Dataset extract ->
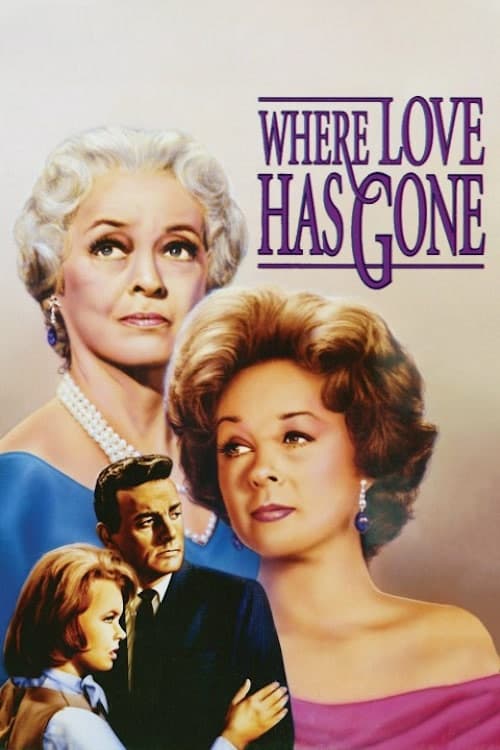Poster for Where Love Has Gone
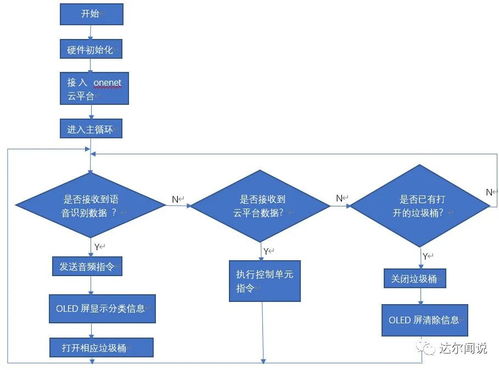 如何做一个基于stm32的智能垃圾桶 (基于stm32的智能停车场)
---
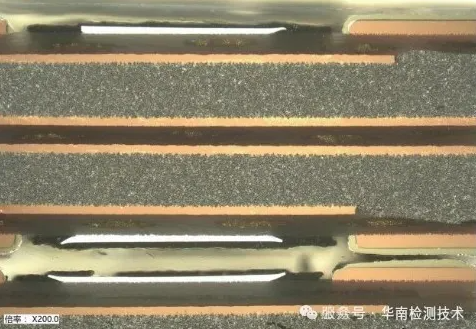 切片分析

What is being asked -> In the listing above, find the line containing "Poster for Where Love Has Gone" and the line containing "如何做一个基于stm32的智能垃圾桶 (基于stm32的智能停车场)", then print exactly those two lines and every line between them, minus the pictures.

Response to the task ->
Poster for Where Love Has Gone
 如何做一个基于stm32的智能垃圾桶 (基于stm32的智能停车场)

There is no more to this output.